TASK INSTRUCTIONS:
Find each line of the entries with the string "Used", please, and copy it.
*** EXTRACTED DATA ***
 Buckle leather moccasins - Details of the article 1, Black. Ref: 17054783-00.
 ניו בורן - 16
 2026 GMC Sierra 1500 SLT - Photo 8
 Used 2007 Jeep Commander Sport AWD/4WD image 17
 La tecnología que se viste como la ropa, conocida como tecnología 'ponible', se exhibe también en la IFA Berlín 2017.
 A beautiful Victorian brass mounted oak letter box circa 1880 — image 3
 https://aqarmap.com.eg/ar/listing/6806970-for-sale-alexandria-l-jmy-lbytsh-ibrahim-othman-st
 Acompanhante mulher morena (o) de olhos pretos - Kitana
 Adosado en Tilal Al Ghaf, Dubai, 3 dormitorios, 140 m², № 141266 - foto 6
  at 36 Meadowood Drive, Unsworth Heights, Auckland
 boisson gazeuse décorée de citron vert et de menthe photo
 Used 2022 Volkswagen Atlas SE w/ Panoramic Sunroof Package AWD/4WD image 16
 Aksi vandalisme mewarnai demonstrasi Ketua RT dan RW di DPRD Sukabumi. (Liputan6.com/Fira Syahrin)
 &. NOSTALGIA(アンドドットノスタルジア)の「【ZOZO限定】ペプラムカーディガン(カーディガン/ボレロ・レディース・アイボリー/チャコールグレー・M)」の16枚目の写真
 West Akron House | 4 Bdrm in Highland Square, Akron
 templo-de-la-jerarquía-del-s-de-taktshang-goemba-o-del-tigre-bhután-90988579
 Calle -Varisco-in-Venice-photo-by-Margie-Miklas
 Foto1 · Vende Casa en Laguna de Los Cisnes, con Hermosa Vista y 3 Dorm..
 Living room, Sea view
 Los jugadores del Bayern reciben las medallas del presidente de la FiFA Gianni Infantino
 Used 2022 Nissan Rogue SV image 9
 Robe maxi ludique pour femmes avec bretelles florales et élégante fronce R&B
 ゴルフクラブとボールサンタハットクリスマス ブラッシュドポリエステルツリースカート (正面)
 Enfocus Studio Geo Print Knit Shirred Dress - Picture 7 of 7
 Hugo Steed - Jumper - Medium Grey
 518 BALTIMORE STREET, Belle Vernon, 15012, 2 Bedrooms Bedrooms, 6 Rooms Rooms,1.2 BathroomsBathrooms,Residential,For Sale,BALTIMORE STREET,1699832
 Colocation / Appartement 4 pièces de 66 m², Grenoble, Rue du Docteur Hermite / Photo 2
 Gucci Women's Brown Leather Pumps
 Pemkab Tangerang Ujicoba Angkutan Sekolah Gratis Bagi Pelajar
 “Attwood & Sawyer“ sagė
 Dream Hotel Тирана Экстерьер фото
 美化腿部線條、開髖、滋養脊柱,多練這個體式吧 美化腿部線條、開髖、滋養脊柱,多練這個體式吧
*** End of EXTRACTED DATA ***
SOLUTION TO THIS PROBLEM:
 Used 2007 Jeep Commander Sport AWD/4WD image 17
 Used 2022 Volkswagen Atlas SE w/ Panoramic Sunroof Package AWD/4WD image 16
 Used 2022 Nissan Rogue SV image 9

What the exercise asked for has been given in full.